Trained a simple tensorflow model containing some LSTM and Dense feed-forward layers. After training, I am quantising and converting the model to a tf.lite
format for edge deployment. Here is the relevant part of the code.
...
model_size:int = sum(weight.numpy().nbytes for weight in model.trainable_weights)
print(f'Model size: {model_size / (1024):.2f} KB')
tf_lite_converter = tf.lite.TFLiteConverter.from_keras_model(model=model)
tf_lite_converter.optimizations = [tf.lite.Optimize.OPTIMIZE_FOR_SIZE]
tf_lite_converter.target_spec.supported_types = [tf.float16]
tflite_model:bytes = tf_lite_converter.convert()
print(f'Size of the tf lite model is {len(tflite_model)/1024} kB')
As the tf_lite
is just a byte array, I am just dividing its length by 1024 to get the size in memory.

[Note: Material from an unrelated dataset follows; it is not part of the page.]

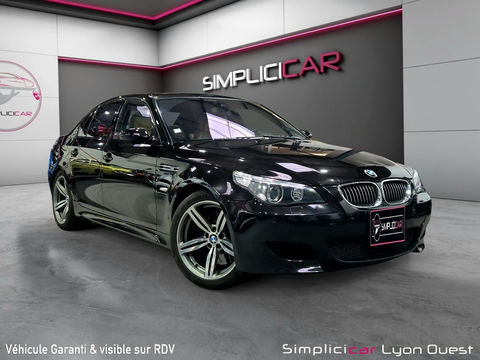 BMW M5 SMG7 2007 occasion BRIGNAIS 69530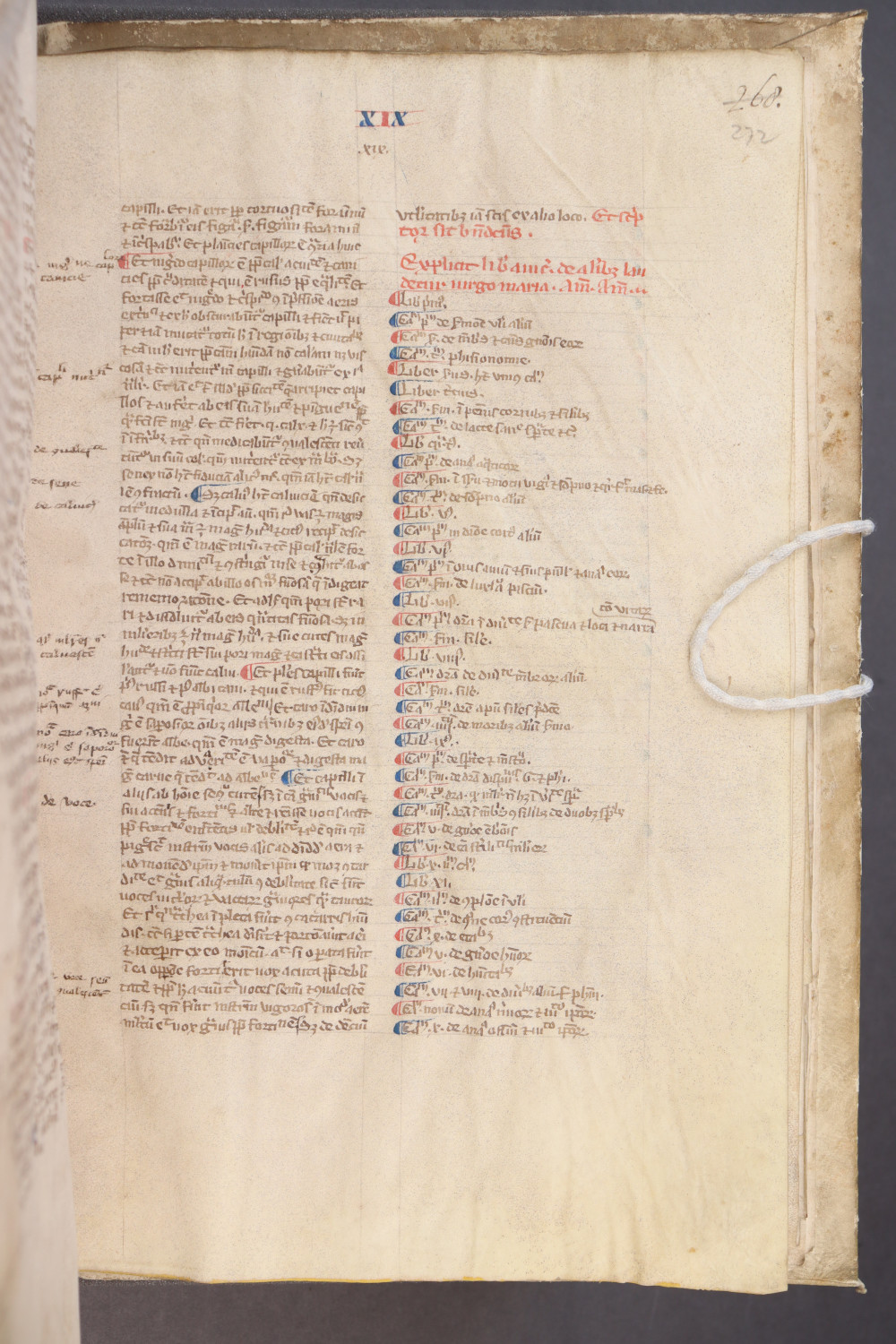 Folio 272  recto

Original model size: 33.4 kB After compression and quantisation: 55 kB
So how is that possible or even beneficial if the tf_lite converter increases the size in memory? Or, am I measuring the sizes (in memory) wrongly? Any clue how to get a fair comparison then?
Note
I already compared the sizes in disk (as I persist the models) and yes, tflite shows a clear compression benefit. But is that where the benefit is to be found?